SUPPLIED MATERIAL
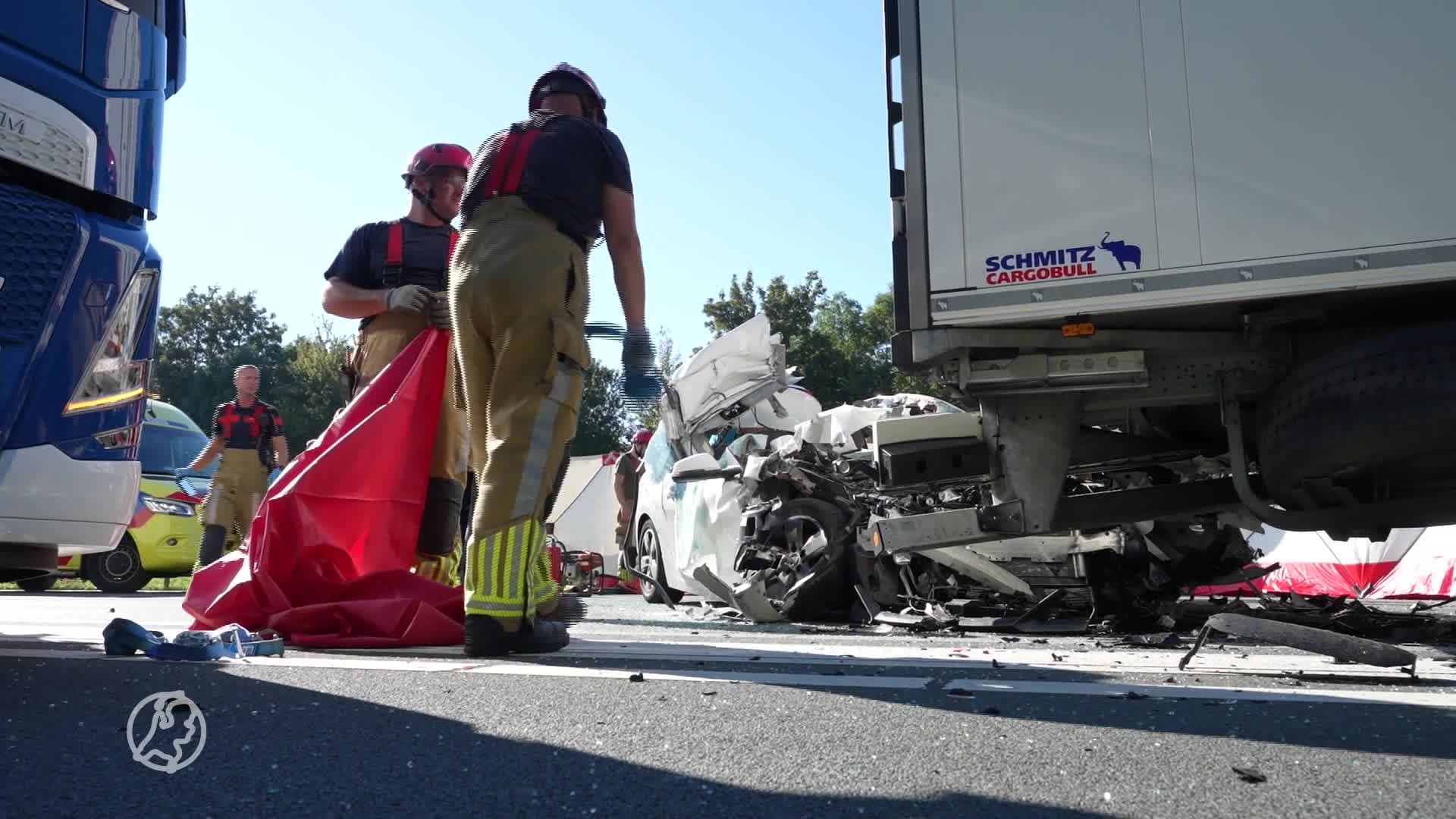 Bestuurster verongelukt op A59 bij Waspik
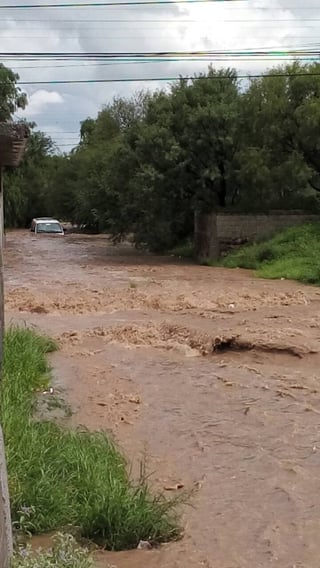Arrastrada. La corriente del arroyo en Cuencamé se llevó una camioneta más de 200 metros; no había pasajeros dentro.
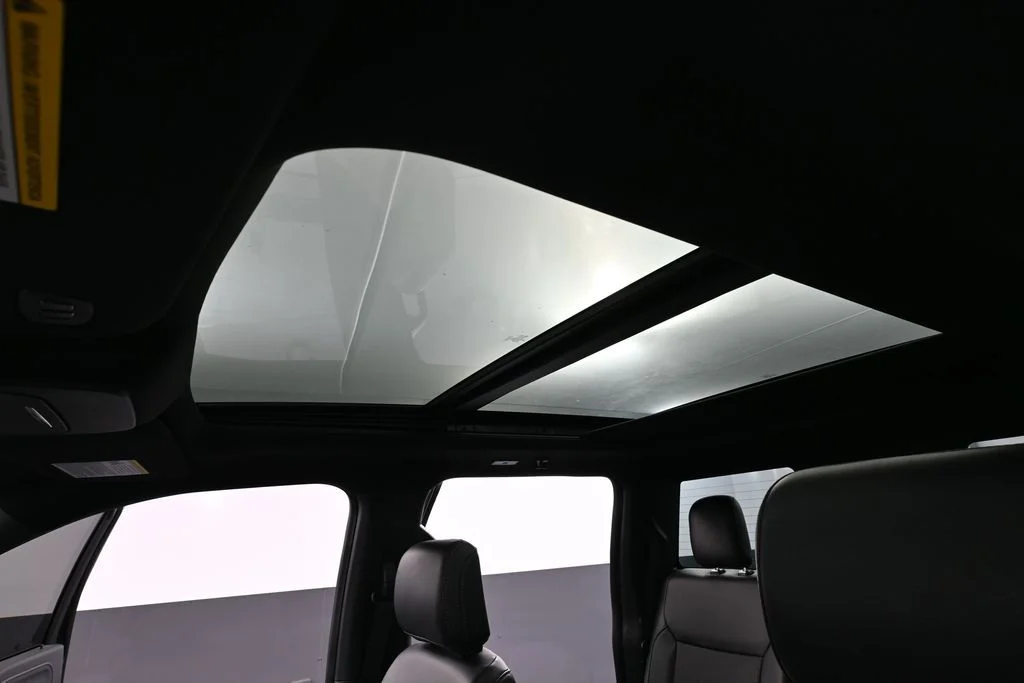 Used 2024 Black Ford Lariat image 27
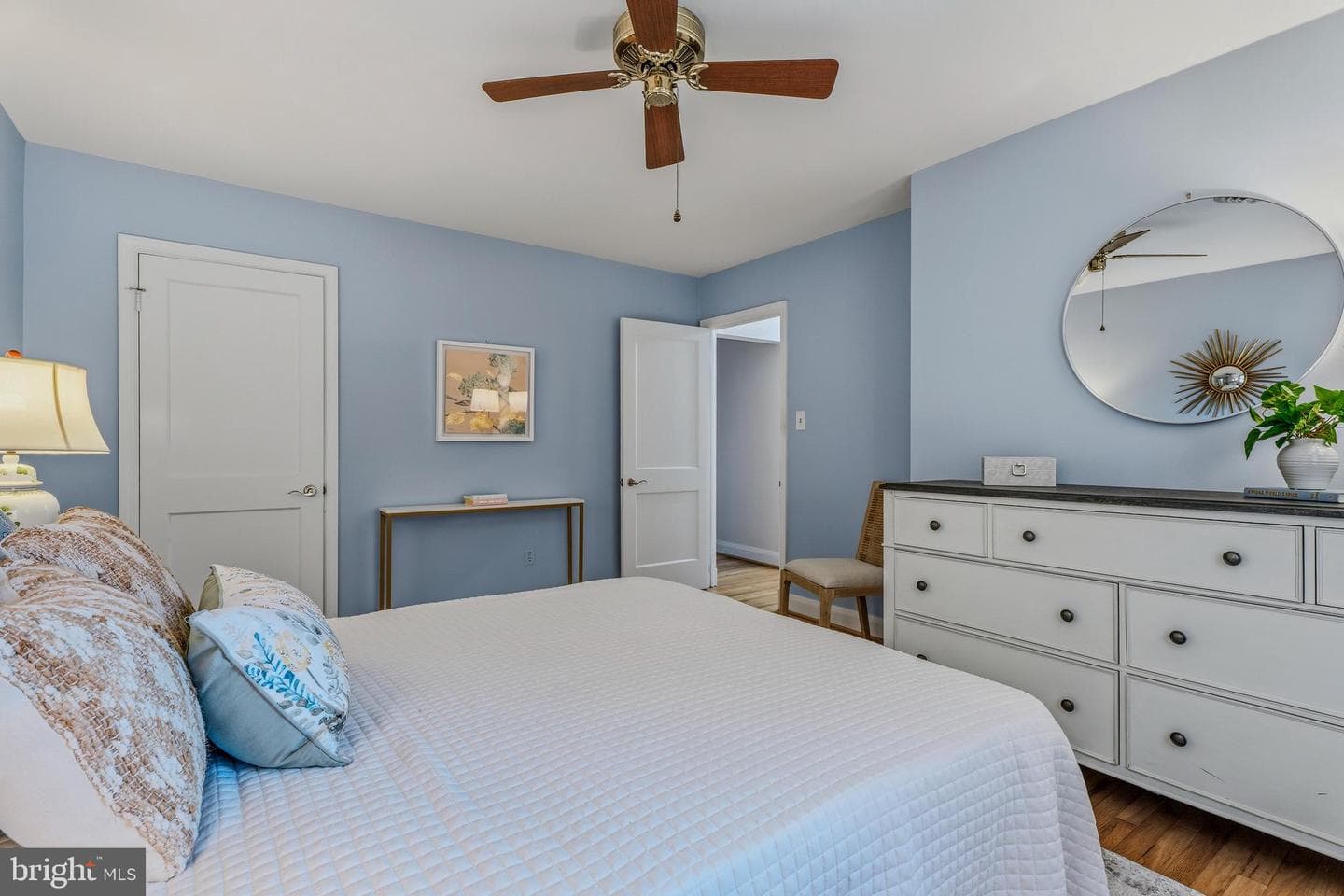 209 Burke Avenue photo 22
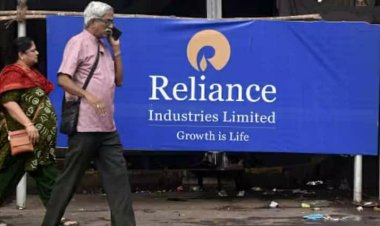 Reliance Share Price: रिलायंस के स्टॉक में ऐतिहासिक उछाल, मार्केट कैप पहुंचा 19.60 लाख करोड़ रुपये के पार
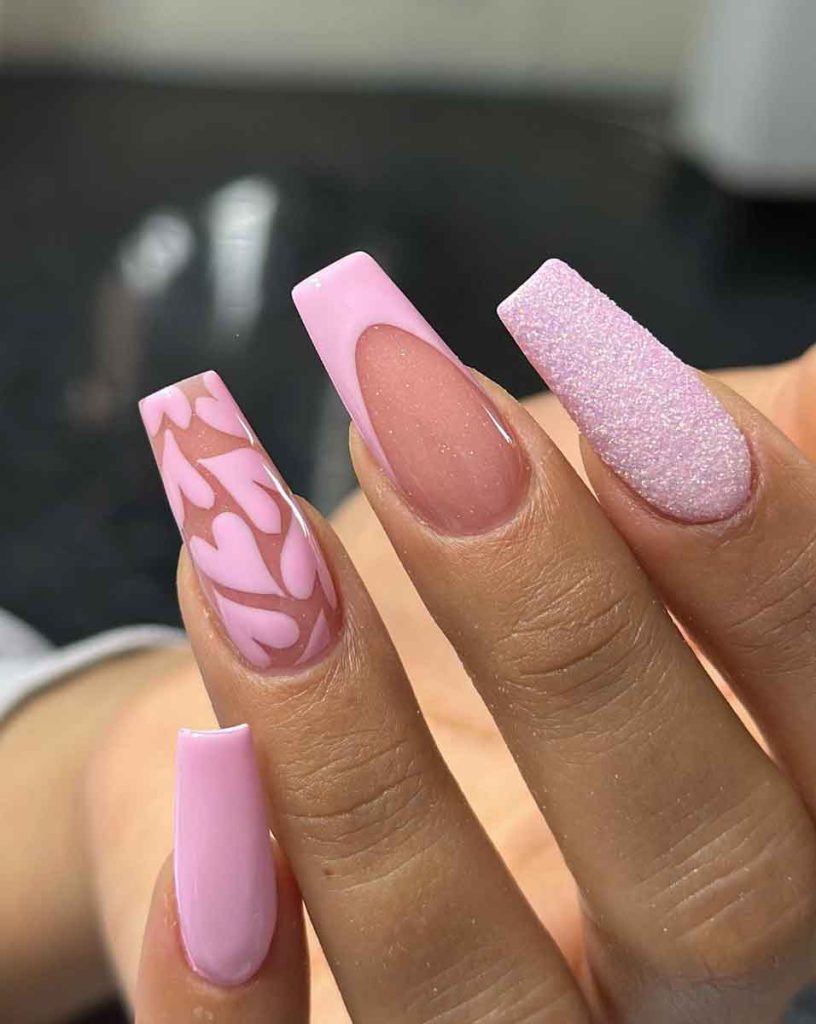 unha stiletto rosa com glitter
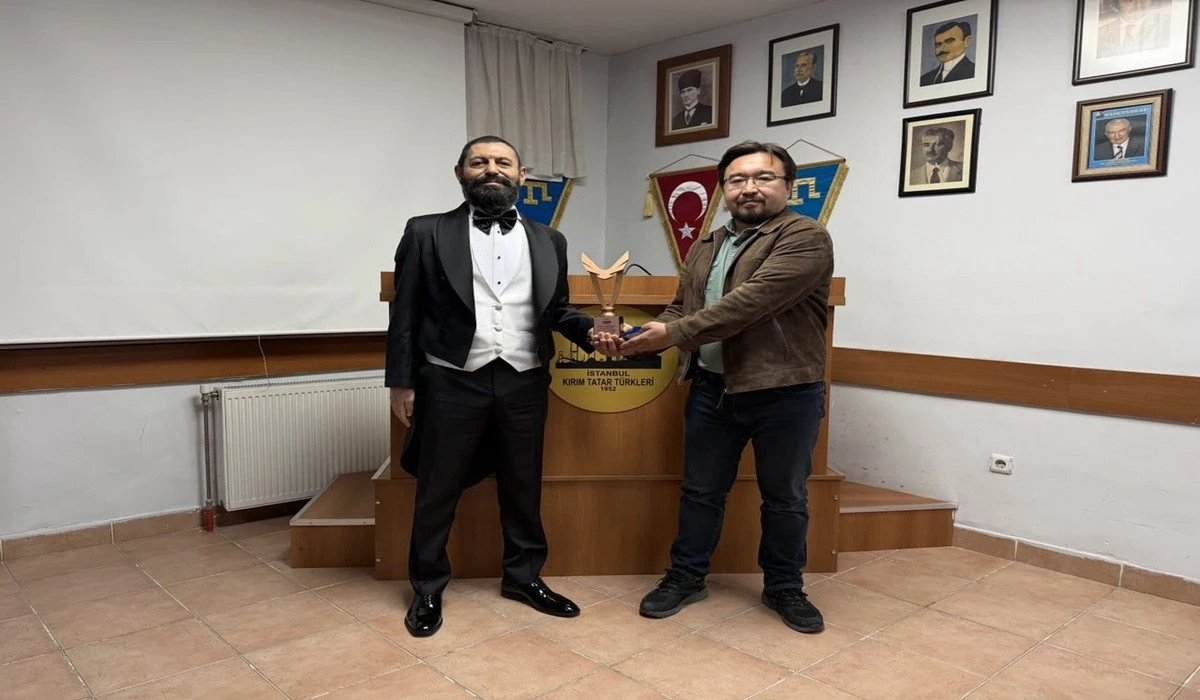 'Özgürlük ve Barış Ödülü' Akif Manaf’ın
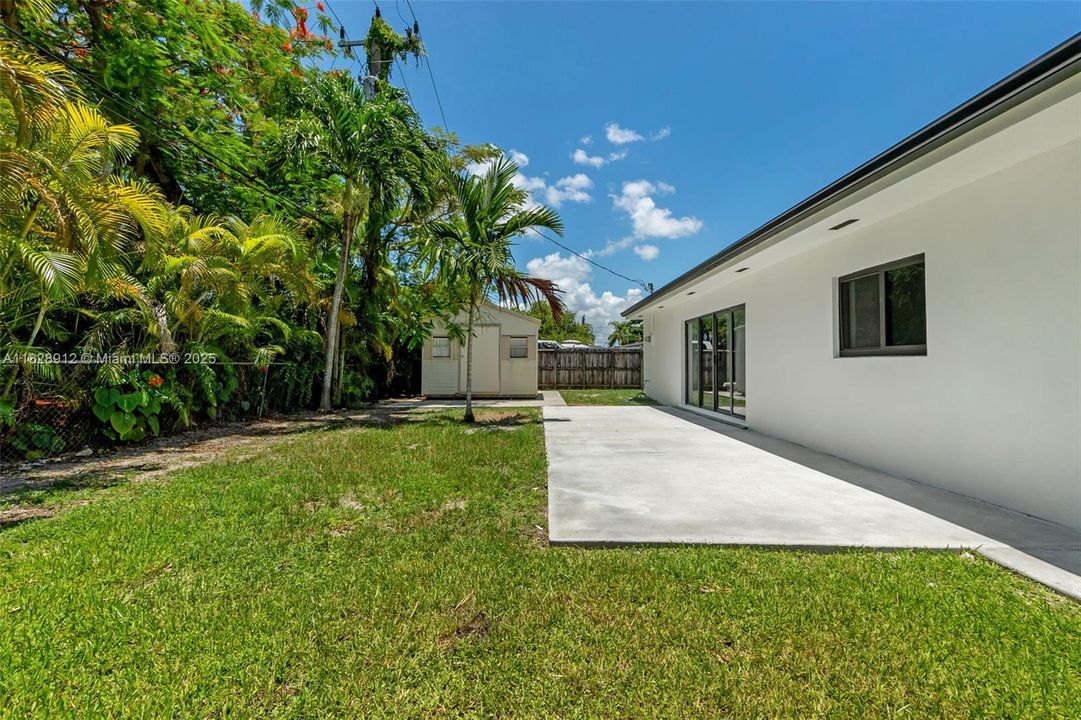 Vendido Recientemente: $779,999 (3 camas, 2 baños, 1886 Pies cuadrados)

TASK BRIEF
What is needed here is an exact transcript of the data above, pictures excluded.

RESULT OF THE TASK
 Bestuurster verongelukt op A59 bij Waspik
Arrastrada. La corriente del arroyo en Cuencamé se llevó una camioneta más de 200 metros; no había pasajeros dentro.
 Used 2024 Black Ford Lariat image 27
 209 Burke Avenue photo 22
 Reliance Share Price: रिलायंस के स्टॉक में ऐतिहासिक उछाल, मार्केट कैप पहुंचा 19.60 लाख करोड़ रुपये के पार
 unha stiletto rosa com glitter
 'Özgürlük ve Barış Ödülü' Akif Manaf’ın
 Vendido Recientemente: $779,999 (3 camas, 2 baños, 1886 Pies cuadrados)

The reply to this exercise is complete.